Image-caption web data
####################

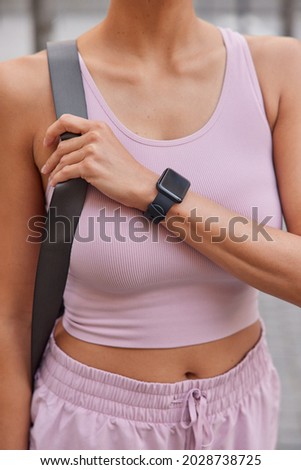 Similar – Image, Stock Photo Unrecognizable sportswoman exercising with elastic band at home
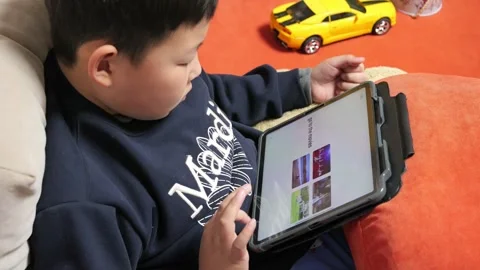 An Asian boy is using a tablet to study English 스톡 동영상 266429135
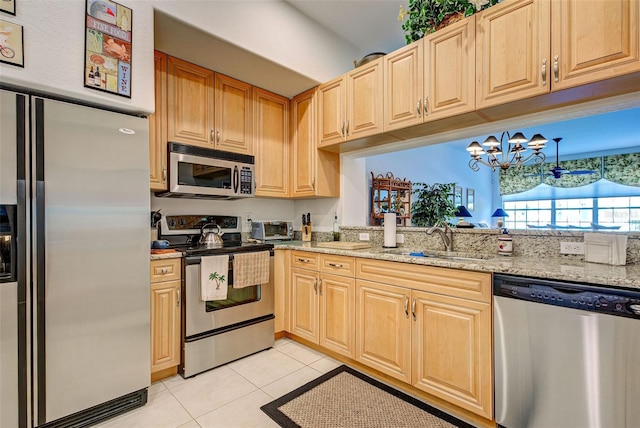 kitchen featuring sink, light stone counters, an inviting chandelier, light tile patterned floors, and stainless steel appliances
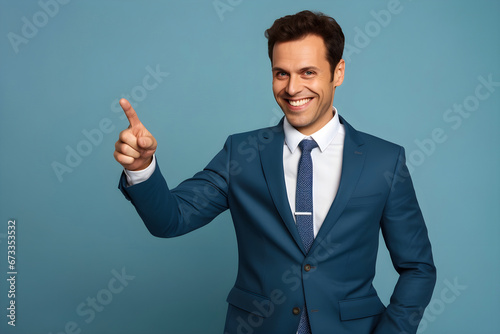 Cheerful Businessman Pointing to Copy Space for Advertising. Blue Background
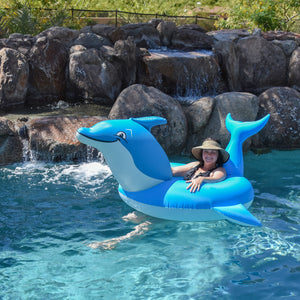 a woman in a pool with a dolphin float
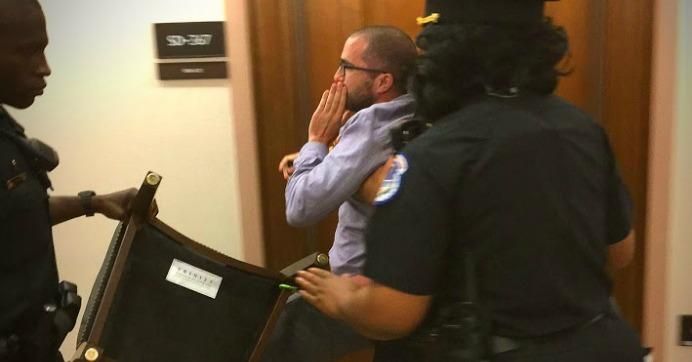 Capitol Hill police carry one of the five protesters from the Senate Committee on Energy and Natural Resources hearing on President Donald Trump's FERC nominees on Thursday. (Photo courtesy of Beyond Extreme Energy)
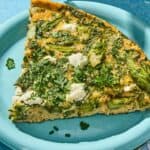 A slice of the asparagus frittata on a plate.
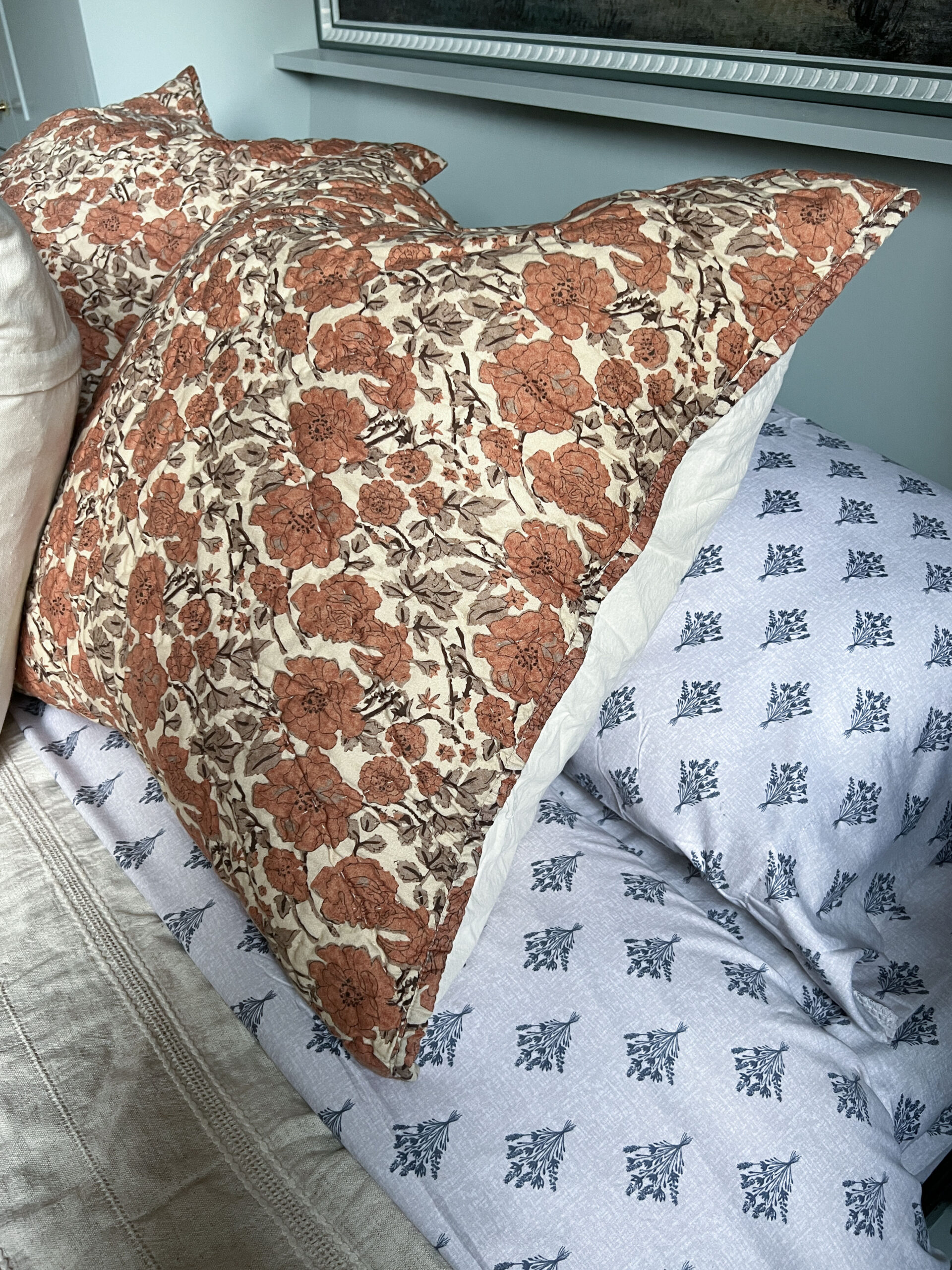 Close up of patterned sheets and pillows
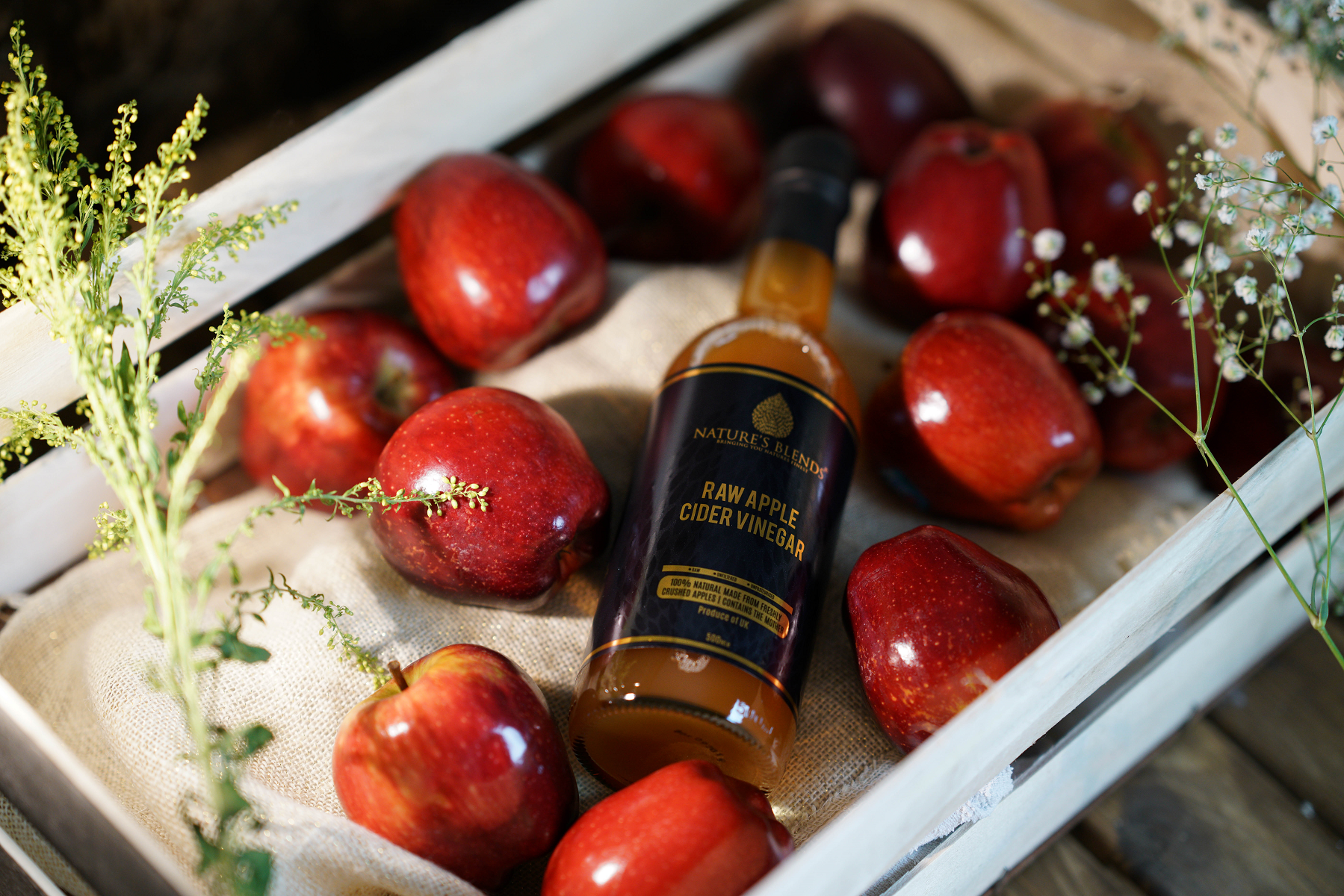 a basket of apple and natures blends organic apple cider vinegar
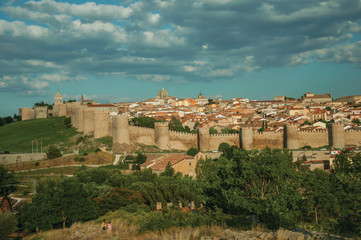 Stone towers with large wall encircling the city of Avila
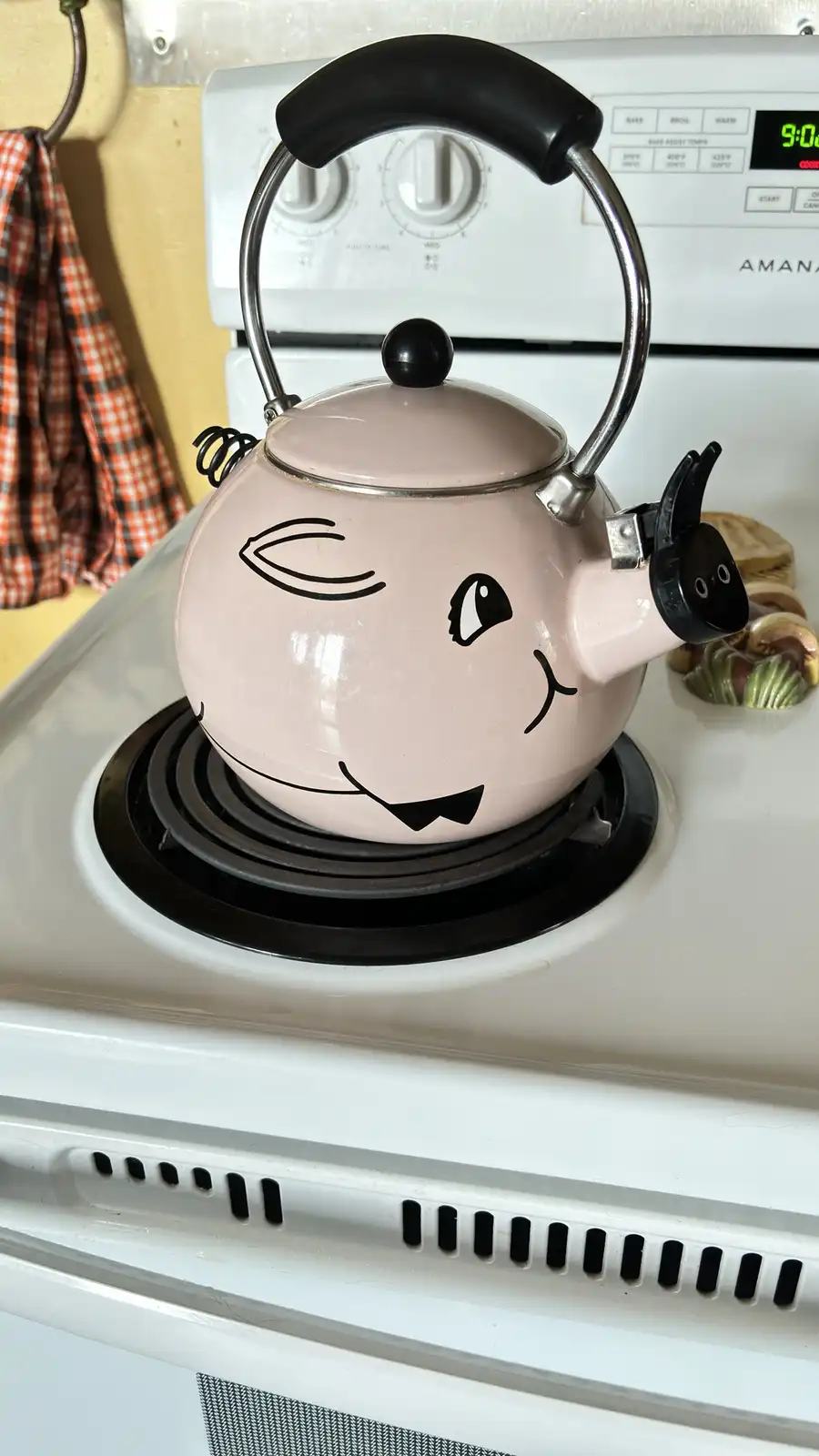 A pink kettle with a hand-drawn cartoon face, featuring one eye open and one eye closed with a smiling mouth, sits on a…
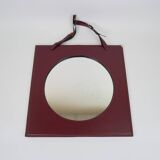 Mirror covered in burgundy leather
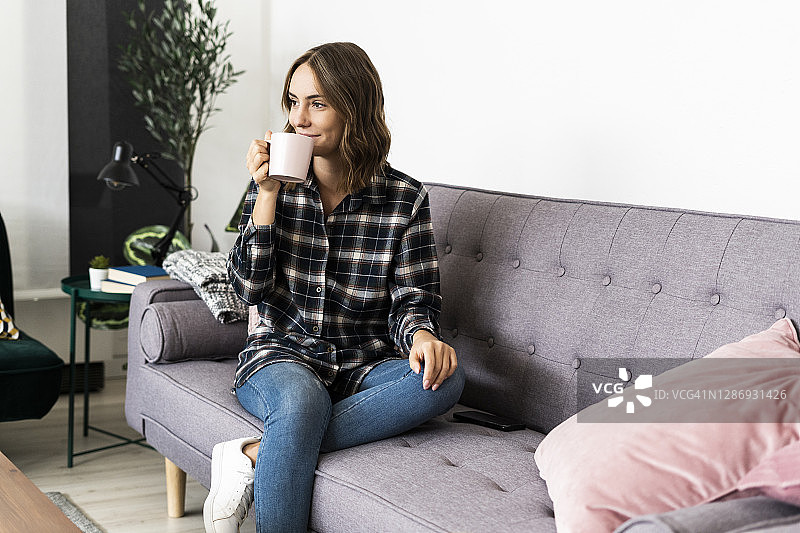 坐在家里沙发上喝咖啡的女人图片素材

####################

Could you reproduce exactly, and only, the lines from the start of the records through the line containing "A slice of the", leaving out the pictures?

 Similar – Image, Stock Photo Unrecognizable sportswoman exercising with elastic band at home
 An Asian boy is using a tablet to study English 스톡 동영상 266429135
 kitchen featuring sink, light stone counters, an inviting chandelier, light tile patterned floors, and stainless steel appliances
 Cheerful Businessman Pointing to Copy Space for Advertising. Blue Background
 a woman in a pool with a dolphin float
 Capitol Hill police carry one of the five protesters from the Senate Committee on Energy and Natural Resources hearing on President Donald Trump's FERC nominees on Thursday. (Photo courtesy of Beyond Extreme Energy)
 A slice of the asparagus frittata on a plate.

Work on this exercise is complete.